I'm assuming this is a build? The higher you can get the trigger plate in to the stock the thinner you can make the whole breech area. If you want to, you could even bend the sear bar up a bit, but be careful so that it doesn't bind on the lock plate.

I like to make my guns so that the front foot of the TG is just barely breaking through in to the RR channel. The deeper you can seat the TG, the deeper you can seat the trigger plate, but of course, the lock and trigger internals are paramount to function. It does not good to make it thin if it doesn't work.
 
Thanks for the replies fellows.
I have double lever set triggers in a kit Im just finishing. I ll have a chance to look into it this weekend.
 
If you will notice, when you cock a gun, the sear bar will drop down, just a tiny bit, before it goes into the full cock notch. There must be a tiny amount of clearance between the trigger bar and the sear bar in order for this to happen. I have at least one rifle, that was inletted a little too deep. I have a thin spacer(washer)in place to allow for the necessary clearance. Try, this before you modify.
 
Usually those trigger blades are a little taller than they need to be, which means they can be filed down. (Not so much so for the set trigger blade, but the single action one, if it has that feature.) The set trigger blade needs to have room to fully unload the set spring before it contacts the sear bar After that it is actually losing momentum the further it has to travel to trip the sear.

With the last two guns I built (one a simple pinned trigger and the other a Double Action Single Set Trigger) . I located the trigger blade so the sear bar was slightly loaded when the cock was down. Usually that meant the cock would not engage the tumbler notches. Then, I filed on the trigger blades a little bit at a time until it WOULD work 100% reliably, but just barely. The sear bar is at it's lowest position when it's at rest, so that let the sear provide forward pressure on the trigger in that position, as, I hate slack and sloppy triggers. It's slow and tedious work to assemble, test, file, reassemble, repeat, but trigger function is one of those things you want right when the gun is done.
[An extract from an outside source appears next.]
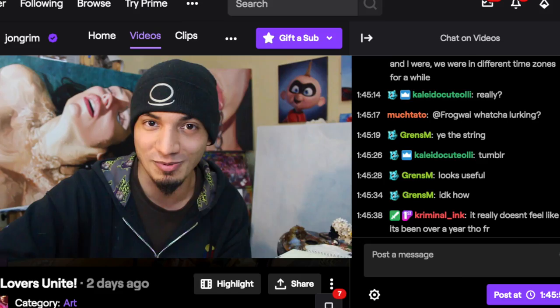For first-time viewers, feel free to subscribe — I put out informational graffiti videos on a consistent basis. For those more into fine art, feel free to follow me over on Twitch — there's a link in the description. I've got something for everybody. Thank you guys tremendously for watching — I'll catch you in the next one. Peace.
Of course, once there is stain and a seal cote in the trigger inlet odds are you're going to need to clear wood again to make it function when you do your final assembly, but you'll have gotten it really really close when you built it "dry".
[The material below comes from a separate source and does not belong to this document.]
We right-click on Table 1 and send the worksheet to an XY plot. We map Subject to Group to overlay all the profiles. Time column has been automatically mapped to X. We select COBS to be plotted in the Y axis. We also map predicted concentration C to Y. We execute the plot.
P.S.; That's also why I don't drill and pin my TG until the last minute either.
 
New set triggers, like all of the parts we use to build these guns are just "rough stock" when we get them.

Most things are made oversize so they can be machined, filed, ground or modified to fit the build the maker is working on.

This is the reason the triggers don't work after they are just screwed in place.

File the top of the front trigger blade (the area on top of the trigger that pushes against the lock sear arm) down so the trigger has a little "shake" to it when the lock is at full and at half cock.

The position of the sear arm is usually slightly different when the lock is at half cock and when it is at full cock and the trigger must not be touching the sear arm at any time when the lock is in either position. If it is, the gun may be unsafe.
 
Thanks for all the input and advice on this one. first rounds down range this afternoon went very well. It was just a bit of filing the trigger bar and adjusting the spring to function. Just need some tuning now. I found on track of the wolf a good description of what you guys have explained with pictures to help.